Secure Determinant Codes for Distributed Storage Systems
This addresses security vulnerabilities in distributed storage systems against eavesdroppers, but appears incremental as it builds on existing regenerating code frameworks.
The paper tackles the problem of designing secure exact-repair regenerating codes for distributed storage systems with two types of secrecy constraints, proposing two classes of secure determinant codes that achieve specific secrecy trade-offs for given system parameters.

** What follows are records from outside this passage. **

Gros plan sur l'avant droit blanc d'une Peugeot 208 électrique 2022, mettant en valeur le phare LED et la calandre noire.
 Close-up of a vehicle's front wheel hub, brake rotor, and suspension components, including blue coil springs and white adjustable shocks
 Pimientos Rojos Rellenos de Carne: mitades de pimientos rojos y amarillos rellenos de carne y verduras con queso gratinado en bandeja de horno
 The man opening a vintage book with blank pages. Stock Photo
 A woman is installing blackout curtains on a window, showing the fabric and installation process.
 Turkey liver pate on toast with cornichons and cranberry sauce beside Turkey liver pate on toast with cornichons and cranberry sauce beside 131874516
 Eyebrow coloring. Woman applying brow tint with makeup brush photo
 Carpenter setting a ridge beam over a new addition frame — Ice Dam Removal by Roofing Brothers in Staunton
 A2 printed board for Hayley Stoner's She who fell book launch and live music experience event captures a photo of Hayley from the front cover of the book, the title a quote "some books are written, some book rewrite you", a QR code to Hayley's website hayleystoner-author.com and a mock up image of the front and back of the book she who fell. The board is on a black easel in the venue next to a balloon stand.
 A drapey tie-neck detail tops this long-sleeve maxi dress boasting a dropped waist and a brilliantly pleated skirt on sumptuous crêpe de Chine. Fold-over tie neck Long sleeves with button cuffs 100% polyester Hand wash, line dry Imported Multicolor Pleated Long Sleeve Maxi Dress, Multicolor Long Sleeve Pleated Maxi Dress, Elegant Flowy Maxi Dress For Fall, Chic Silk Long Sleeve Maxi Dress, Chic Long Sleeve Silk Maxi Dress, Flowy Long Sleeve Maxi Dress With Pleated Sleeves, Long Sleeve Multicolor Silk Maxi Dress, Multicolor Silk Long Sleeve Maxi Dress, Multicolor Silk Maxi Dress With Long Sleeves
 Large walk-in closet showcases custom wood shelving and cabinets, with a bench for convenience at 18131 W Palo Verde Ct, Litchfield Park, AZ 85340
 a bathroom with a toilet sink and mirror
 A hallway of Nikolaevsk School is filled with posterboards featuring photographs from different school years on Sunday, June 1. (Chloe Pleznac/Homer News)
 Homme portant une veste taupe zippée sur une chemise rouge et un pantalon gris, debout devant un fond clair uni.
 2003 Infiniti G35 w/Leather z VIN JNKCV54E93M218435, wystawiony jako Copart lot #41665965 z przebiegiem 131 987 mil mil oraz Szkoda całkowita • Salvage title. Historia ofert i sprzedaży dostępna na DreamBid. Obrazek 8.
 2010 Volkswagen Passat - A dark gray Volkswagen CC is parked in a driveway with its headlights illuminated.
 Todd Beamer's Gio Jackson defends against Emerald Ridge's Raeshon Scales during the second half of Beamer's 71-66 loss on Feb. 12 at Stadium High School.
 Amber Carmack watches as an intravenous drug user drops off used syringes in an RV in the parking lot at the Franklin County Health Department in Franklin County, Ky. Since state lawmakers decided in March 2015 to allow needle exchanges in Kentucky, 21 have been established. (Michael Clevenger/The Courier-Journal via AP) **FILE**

The information-theoretic secure exact-repair regenerating codes for distributed storage systems (DSSs) with parameters $(n,k=d,d,\ell)$ are studied in this paper. We consider distributed storage systems with $n$ nodes, in which the original data can be recovered from any subset of $k=d$ nodes, and the content of any node can be retrieved from those of any $d$ helper nodes. Moreover, we consider two secrecy constraints, namely, Type-I, where the message remains secure against an eavesdropper with access to the content of any subset of up to $\ell$ nodes, and Type-II, in which the message remains secure against an eavesdropper who can observe the incoming repair data from all possible nodes to a fixed but unknown subset of up to $\ell$ compromised nodes. Two classes of secure determinant codes are proposed for Type-I and Type-II secrecy constraints. Each proposed code can be designed for a range of per-node storage capacity and repair bandwidth for any system parameters. They lead to two achievable secrecy trade-offs, for Type-I and Type-II security.